(Given data)

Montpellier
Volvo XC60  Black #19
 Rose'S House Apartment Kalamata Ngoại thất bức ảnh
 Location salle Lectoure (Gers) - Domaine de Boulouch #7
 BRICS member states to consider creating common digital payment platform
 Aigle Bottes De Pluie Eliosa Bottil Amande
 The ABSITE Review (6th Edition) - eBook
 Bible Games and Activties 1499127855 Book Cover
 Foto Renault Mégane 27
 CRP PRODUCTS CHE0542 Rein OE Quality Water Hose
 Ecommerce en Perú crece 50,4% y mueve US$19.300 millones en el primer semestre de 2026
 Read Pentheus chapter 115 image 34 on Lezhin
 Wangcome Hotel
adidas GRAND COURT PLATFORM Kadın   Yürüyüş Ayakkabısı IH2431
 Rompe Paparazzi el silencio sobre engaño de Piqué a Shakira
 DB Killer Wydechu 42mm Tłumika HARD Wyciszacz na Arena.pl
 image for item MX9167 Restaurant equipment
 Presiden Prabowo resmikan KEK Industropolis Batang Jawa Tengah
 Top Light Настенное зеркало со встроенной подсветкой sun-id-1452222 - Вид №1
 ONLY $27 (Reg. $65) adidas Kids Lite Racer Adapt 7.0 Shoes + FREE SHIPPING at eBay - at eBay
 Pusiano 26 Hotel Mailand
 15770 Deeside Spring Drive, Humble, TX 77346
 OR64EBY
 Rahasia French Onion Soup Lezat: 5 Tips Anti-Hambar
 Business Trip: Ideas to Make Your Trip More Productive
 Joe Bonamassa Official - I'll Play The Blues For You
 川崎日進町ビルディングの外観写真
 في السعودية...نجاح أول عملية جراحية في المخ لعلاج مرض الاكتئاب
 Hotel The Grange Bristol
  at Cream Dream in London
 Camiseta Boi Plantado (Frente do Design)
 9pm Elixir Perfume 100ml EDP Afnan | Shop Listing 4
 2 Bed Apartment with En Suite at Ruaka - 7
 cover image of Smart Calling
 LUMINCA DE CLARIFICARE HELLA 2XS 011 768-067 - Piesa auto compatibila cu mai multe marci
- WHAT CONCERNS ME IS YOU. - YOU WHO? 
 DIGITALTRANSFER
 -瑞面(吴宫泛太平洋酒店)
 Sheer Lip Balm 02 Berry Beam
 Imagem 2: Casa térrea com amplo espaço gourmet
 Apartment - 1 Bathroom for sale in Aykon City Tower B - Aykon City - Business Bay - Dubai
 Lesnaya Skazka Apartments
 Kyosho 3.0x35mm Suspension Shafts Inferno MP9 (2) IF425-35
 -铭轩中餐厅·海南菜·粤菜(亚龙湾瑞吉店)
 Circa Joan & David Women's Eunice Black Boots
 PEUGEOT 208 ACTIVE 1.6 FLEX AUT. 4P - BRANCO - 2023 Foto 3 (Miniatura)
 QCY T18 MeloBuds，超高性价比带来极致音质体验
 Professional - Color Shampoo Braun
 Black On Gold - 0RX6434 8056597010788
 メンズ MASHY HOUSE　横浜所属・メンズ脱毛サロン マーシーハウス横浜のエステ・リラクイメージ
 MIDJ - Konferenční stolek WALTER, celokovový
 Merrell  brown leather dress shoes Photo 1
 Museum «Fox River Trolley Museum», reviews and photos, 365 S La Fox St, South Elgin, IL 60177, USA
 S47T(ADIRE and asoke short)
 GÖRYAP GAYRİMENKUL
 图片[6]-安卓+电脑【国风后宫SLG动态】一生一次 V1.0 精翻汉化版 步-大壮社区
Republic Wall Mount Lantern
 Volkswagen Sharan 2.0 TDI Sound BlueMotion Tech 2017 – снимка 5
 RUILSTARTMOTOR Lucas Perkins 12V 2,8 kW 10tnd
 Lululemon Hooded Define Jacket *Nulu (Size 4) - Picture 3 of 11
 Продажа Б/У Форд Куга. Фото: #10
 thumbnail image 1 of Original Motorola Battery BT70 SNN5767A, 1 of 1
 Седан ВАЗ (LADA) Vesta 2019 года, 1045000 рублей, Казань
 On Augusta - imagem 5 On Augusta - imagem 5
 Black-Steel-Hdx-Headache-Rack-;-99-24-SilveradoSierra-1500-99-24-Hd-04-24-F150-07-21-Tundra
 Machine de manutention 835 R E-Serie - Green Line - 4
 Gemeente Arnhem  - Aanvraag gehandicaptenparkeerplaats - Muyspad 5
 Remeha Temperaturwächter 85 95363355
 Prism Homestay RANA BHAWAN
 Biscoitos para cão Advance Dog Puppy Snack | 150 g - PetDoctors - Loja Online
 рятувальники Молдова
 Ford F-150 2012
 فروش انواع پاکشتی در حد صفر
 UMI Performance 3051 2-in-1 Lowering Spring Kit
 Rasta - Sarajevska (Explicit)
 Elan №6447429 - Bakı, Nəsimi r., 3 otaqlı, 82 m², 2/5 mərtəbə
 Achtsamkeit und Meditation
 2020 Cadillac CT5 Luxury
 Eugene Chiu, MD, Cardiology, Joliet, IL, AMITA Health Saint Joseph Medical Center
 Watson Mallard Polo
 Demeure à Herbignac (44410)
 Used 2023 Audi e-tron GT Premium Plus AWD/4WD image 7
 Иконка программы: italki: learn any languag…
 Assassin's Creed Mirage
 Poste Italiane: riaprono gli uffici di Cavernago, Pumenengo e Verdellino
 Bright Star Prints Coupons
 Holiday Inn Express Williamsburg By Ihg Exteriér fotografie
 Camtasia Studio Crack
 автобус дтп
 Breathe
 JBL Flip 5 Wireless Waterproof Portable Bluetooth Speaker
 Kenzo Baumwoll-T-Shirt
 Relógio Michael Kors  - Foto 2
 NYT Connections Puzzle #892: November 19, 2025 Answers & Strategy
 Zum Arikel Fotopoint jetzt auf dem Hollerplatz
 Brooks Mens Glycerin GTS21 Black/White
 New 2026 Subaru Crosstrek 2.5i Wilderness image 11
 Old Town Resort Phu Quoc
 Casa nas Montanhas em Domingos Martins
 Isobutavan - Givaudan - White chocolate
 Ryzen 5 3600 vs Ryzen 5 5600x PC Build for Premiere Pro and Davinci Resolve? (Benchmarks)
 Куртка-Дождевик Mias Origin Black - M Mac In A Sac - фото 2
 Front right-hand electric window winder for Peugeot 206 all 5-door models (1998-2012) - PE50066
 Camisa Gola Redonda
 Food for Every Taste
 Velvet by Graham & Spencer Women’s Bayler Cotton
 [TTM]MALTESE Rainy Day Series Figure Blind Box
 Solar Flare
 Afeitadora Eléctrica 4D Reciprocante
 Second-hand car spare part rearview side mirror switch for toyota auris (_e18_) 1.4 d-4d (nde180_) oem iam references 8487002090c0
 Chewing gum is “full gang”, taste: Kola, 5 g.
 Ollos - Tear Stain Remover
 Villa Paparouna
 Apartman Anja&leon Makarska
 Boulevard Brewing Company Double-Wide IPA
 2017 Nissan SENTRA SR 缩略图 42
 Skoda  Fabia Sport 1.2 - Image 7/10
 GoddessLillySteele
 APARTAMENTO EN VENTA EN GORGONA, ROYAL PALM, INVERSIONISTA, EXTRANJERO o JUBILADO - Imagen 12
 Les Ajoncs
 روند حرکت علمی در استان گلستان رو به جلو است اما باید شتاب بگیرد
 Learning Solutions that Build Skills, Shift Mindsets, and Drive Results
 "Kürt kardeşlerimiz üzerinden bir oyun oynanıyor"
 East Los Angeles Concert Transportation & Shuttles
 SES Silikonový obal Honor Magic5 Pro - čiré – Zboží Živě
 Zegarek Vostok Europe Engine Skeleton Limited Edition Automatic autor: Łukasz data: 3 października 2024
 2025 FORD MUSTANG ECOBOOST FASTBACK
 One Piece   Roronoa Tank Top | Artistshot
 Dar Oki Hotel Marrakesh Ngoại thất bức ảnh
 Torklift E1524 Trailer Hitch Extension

(End Given data)

Problem: Your answer should consist solely of the lines above from the line with "Ollos - Tear Stain Remover" to the line with "Top | Artistshot", both included, reproduced exactly.

Reply to the exercise:
 Ollos - Tear Stain Remover
 Villa Paparouna
 Apartman Anja&leon Makarska
 Boulevard Brewing Company Double-Wide IPA
 2017 Nissan SENTRA SR 缩略图 42
 Skoda  Fabia Sport 1.2 - Image 7/10
 GoddessLillySteele
 APARTAMENTO EN VENTA EN GORGONA, ROYAL PALM, INVERSIONISTA, EXTRANJERO o JUBILADO - Imagen 12
 Les Ajoncs
 روند حرکت علمی در استان گلستان رو به جلو است اما باید شتاب بگیرد
 Learning Solutions that Build Skills, Shift Mindsets, and Drive Results
 "Kürt kardeşlerimiz üzerinden bir oyun oynanıyor"
 East Los Angeles Concert Transportation & Shuttles
 SES Silikonový obal Honor Magic5 Pro - čiré – Zboží Živě
 Zegarek Vostok Europe Engine Skeleton Limited Edition Automatic autor: Łukasz data: 3 października 2024
 2025 FORD MUSTANG ECOBOOST FASTBACK
 One Piece   Roronoa Tank Top | Artistshot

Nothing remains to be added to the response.